Fernand Leger Painting Stolen From Carlyle Hotel

stolen artwork

An important ink on linen by the French Artist Fernand Leger was stolen yesterday from New York’s posh, Upper East Side Carlyle Hotel. The work valued at $350,000 was painted in 1917 and titled “Composition aux element mecaniques.” Leger, an early modernist painter is important in the Cubist movement and is considered a 20th century master. A worker told authorities that he saw a man behaving suspiciously earlier in the evening. The Leger painting, went missing from the lobby and was on loan from the Helly Nahmad Gallery located inside the hotel’s upmarket Madison Avenue building. It was also reported that, Video surveillance shows a man walking into the Madison Avenue hotel, then coming out a short time later with a bag that he wasn’t carrying earlier.” The Carlyle’s security personnel reported the painting missing at 3:30am to the 19th Precinct, a hotel spokeswoman said. “A complete investigation is now in process.”

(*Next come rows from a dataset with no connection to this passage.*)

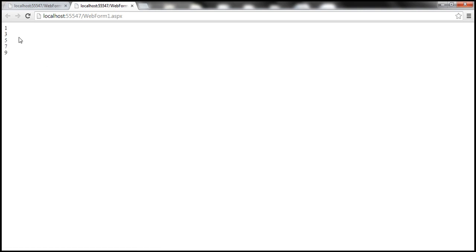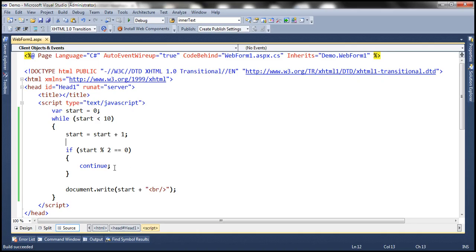Let's run this and see if that's the case. It prints the odd numbers from 1 till 9. So continue, when this statement executes, skips the rest of the instructions in the while loop and immediately goes to the next iteration.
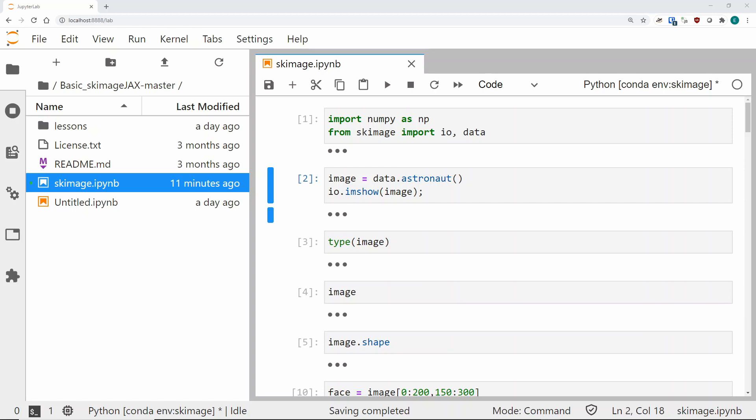Hi everyone, my name is Eric Ratomero and I work in the Research IT department at the Jackson Laboratory, which is a non-profit research institute based in Bar Harbor, Maine. Today I'm going to talk to you a little bit about Scikit Image, which is a Python library for image processing in general.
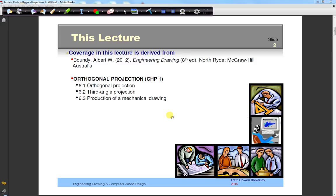Hello and welcome again to another video. In this video I would like to talk about orthogonal projection. This is part of your engineering drawing computer aided design unit and it's chapter 6 in your textbook. In this recording I'm going to show you how to draw an orthogonal projection.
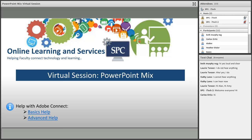I want to thank everybody for taking the time to be here today. I'm going to show you something that's kind of new, and it's something that's right inside of PowerPoint called PowerPoint Mix. I'll start talking about what Mix is, how to get Mix loaded into your PowerPoint, and then it's going to create a new tab in PowerPoint. Then I'm going to go through the steps of creating the first mix.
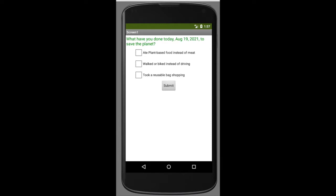In this tutorial we're going to learn how to make a tracking app where you want to track some goals or activities that people have done. To do this we're going to use the TinyDB component, which allows you to store information on your phone for personal use. In this example we're going to have a green tracking app that asks you what have you done today and shows today's date.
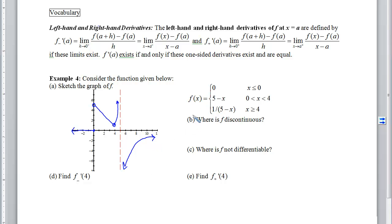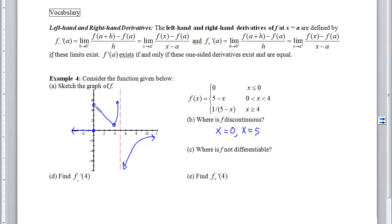Part b asks where f is discontinuous — when did we have to pick up our pencil? We had to pick it up at 0 to jump to the next branch, and again at the asymptote at 5. So f is discontinuous at both 0 and 5. Part c asks where f is not differentiable. We know the four ways to fail differentiability: discontinuity, corner, cusp, or vertical tangent. We have a discontinuity at 0 and at 5. There's also a possible corner at x equals 4 that we need to examine analytically.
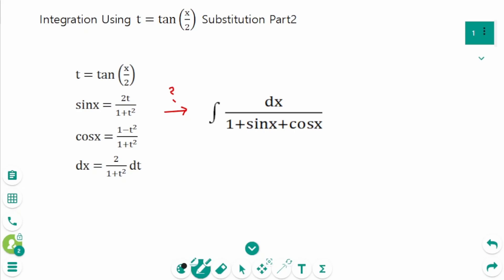This video will cover part 2 of integration using t-substitution. We learned in part 1 how formulas are built using t equals tangent of x over 2. Now let's try to integrate using these formulas.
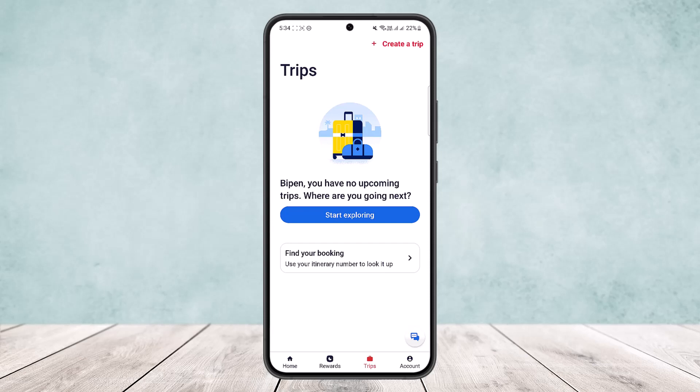So this way you can easily cancel a reservation in Hotels.com. Hope this helped you. Do like and subscribe, and don't forget to leave a comment down below if you have any further issues.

Joseph Fernand Henri Léger  was born February 4, 1881 was a French painter, sculptor, and filmmaker. In his early works he created a personal form of Cubism which he gradually modified into a more figurative, populist style. His boldly simplified treatment of modern subject matter has caused him to be regarded as a forerunner of Pop Art.

Léger was born in Argentan, Orne, Basse-Normandie. He initially trained as an architect from 1897–1899 before moving in 1900 to Paris, where he supported himself as an architectural draftsman. After military service in Versailles in 1902–1903, he enrolled at the School of Decorative Arts; he also applied to the Ecole des Beaux-Arts but was rejected. He nevertheless attended the Beaux-Arts as a non-enrolled student, spending what he described as “three empty and useless years” studying with Gérôme and others, while also studying at the Académie Julian. He began to work seriously as a painter only at the age of 25. At this point his work showed the influence of Impressionism, as seen in Le Jardin de ma mère (My Mother’s Garden) of 1905, one of the few paintings from this period that he did not later destroy. A new emphasis on drawing and geometry appeared in Léger’s work after he saw the Cézanne retrospective at the Salon d’Automne in 1907.He died August 17, 1955.

The Carlyle is a favourite haunt for aristocrats and the glitariti. France’s beautiful first lady, Carla Bruni, stayed there last year. There have been no reported arrests. The painting illustrated is a later 1924 work from a series of the same title.